YOUR GOAL:
The reply should consist solely of the lines from the one that holds "These are some" through the last line of the material, reproduced exactly; no pictures belong in it.

DATA SEGMENT:
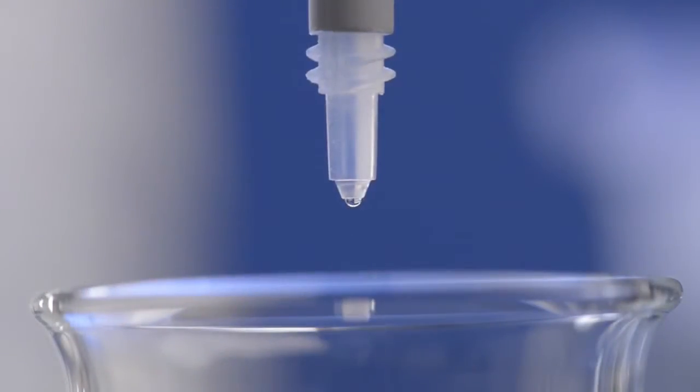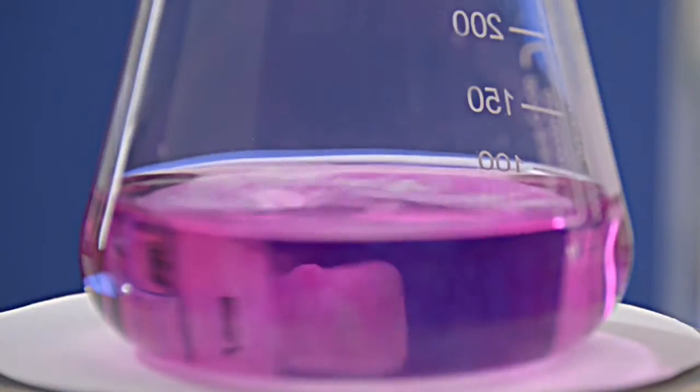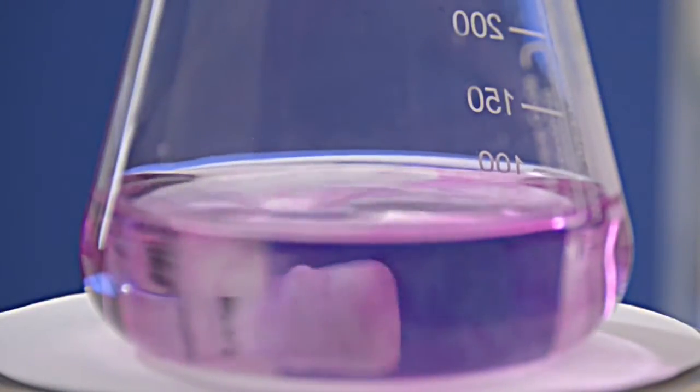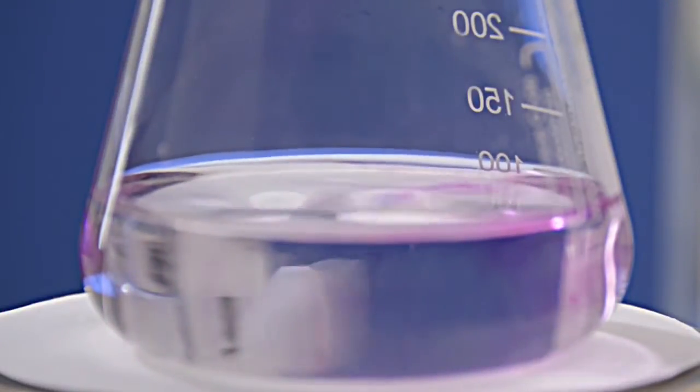Determining the end point, drop by drop, if necessary even to three decimal places. No problem for the Titrate! Using it, you can titrate quickly and reliably within the error limits of Class A.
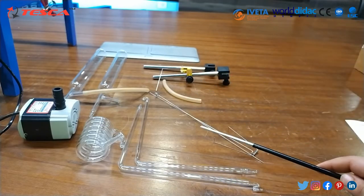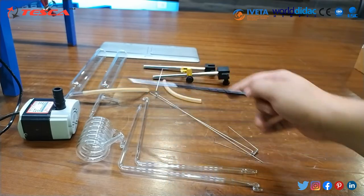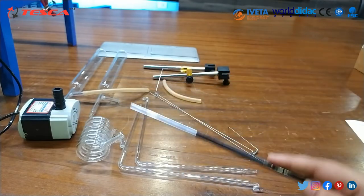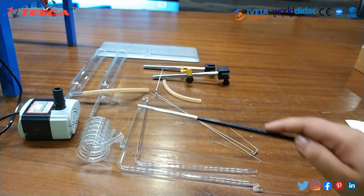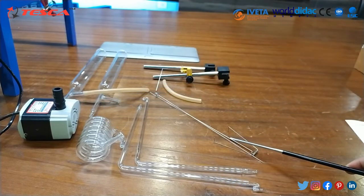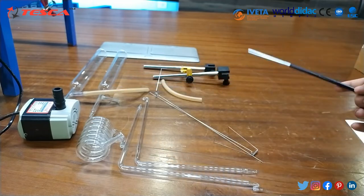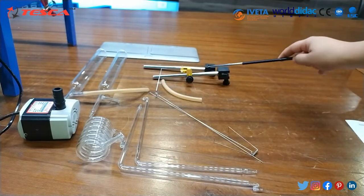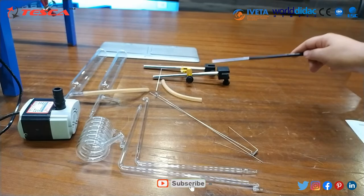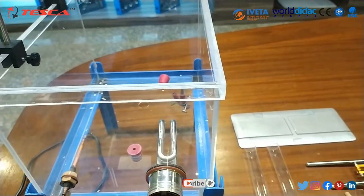These are some additional accessories provided: organ tubes and oxygen tubes — two tubes in total. This is the water pump, this is a coil, and these are the levers. There are rubber tubes which will be used to connect the different tubes, and these are the brass uprights with brass heads.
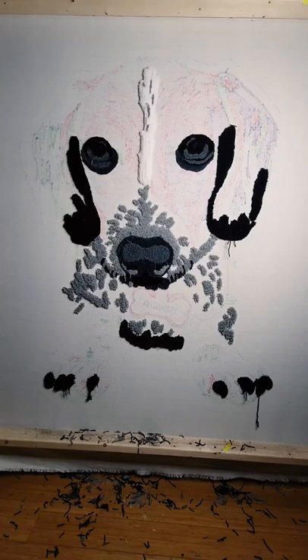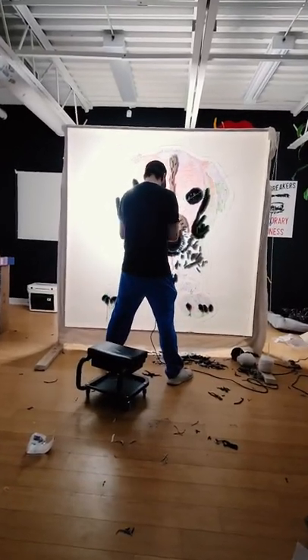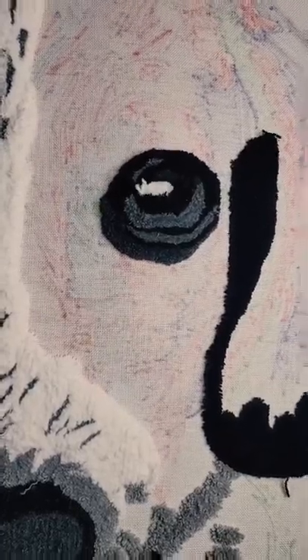Then it was time for the white. So I did the crease in between his eyes and then spent quite a bit of time on his snout. Then it was time to bring the eyes to life — using the white, I added in that glossy look in his pupil.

RESULT OF THE EXERCISE:
These are some additional accessories provided: organ tubes and oxygen tubes — two tubes in total. This is the water pump, this is a coil, and these are the levers. There are rubber tubes which will be used to connect the different tubes, and these are the brass uprights with brass heads.
Then it was time for the white. So I did the crease in between his eyes and then spent quite a bit of time on his snout. Then it was time to bring the eyes to life — using the white, I added in that glossy look in his pupil.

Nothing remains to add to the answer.